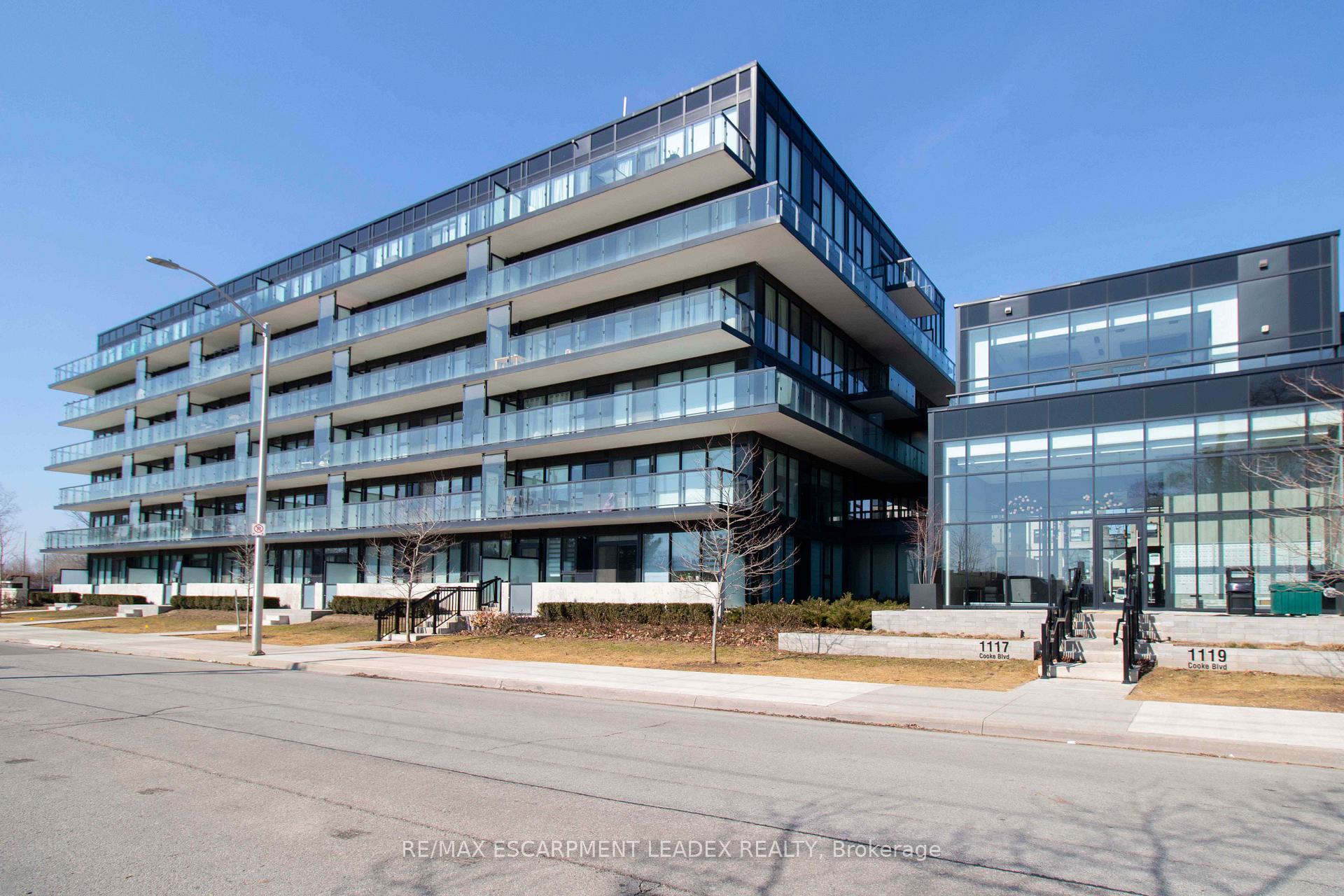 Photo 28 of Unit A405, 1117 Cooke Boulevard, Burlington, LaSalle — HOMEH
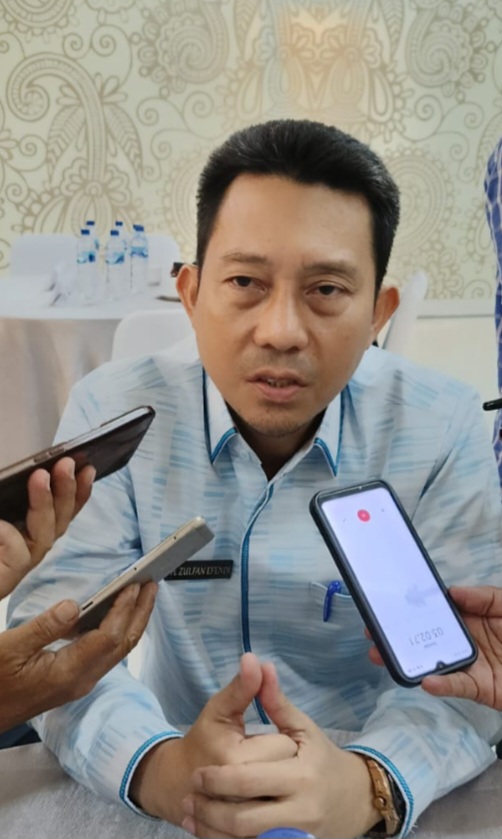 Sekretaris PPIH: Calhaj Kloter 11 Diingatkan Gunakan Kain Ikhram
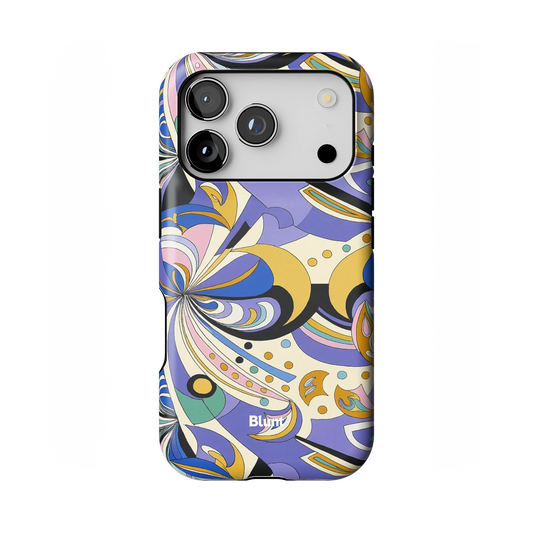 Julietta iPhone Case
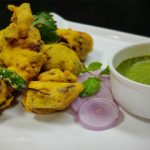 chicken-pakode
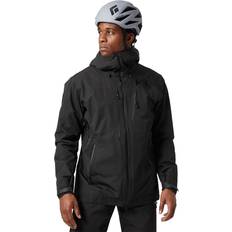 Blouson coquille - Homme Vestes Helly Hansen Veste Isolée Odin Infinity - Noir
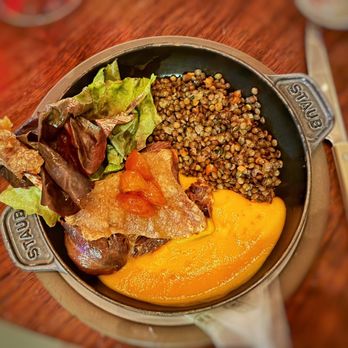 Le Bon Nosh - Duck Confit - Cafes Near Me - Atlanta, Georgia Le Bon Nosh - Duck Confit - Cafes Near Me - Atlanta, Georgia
---
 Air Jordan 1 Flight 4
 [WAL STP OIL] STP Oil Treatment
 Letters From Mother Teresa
...
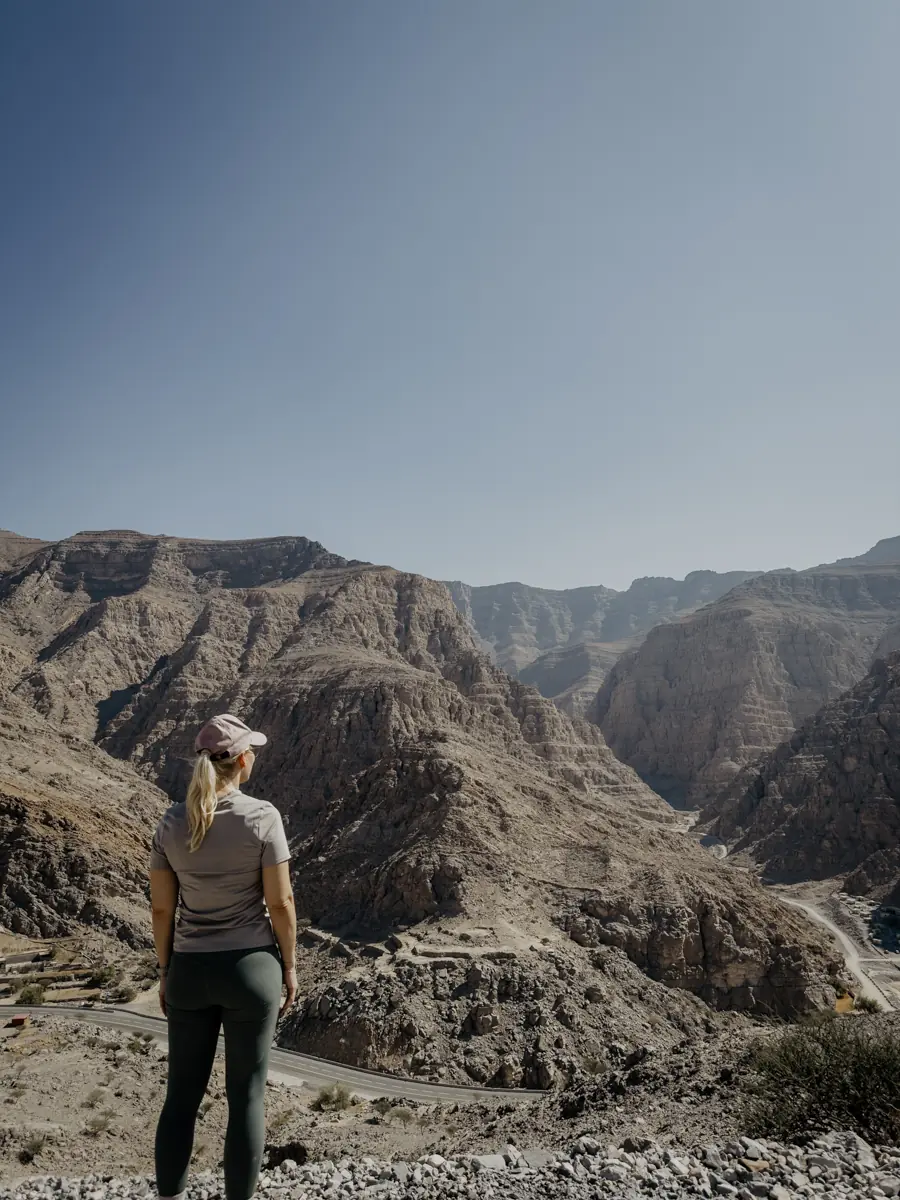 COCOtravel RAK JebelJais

What to work on:
Only the lines of the listing above from the one with "Julietta iPhone Case" through the one with "Atlanta, Georgia Le" should be output, exactly, with both ends kept and pictures left out.

Worked solution:
 Julietta iPhone Case
 chicken-pakode
 Blouson coquille - Homme Vestes Helly Hansen Veste Isolée Odin Infinity - Noir
 Le Bon Nosh - Duck Confit - Cafes Near Me - Atlanta, Georgia Le Bon Nosh - Duck Confit - Cafes Near Me - Atlanta, Georgia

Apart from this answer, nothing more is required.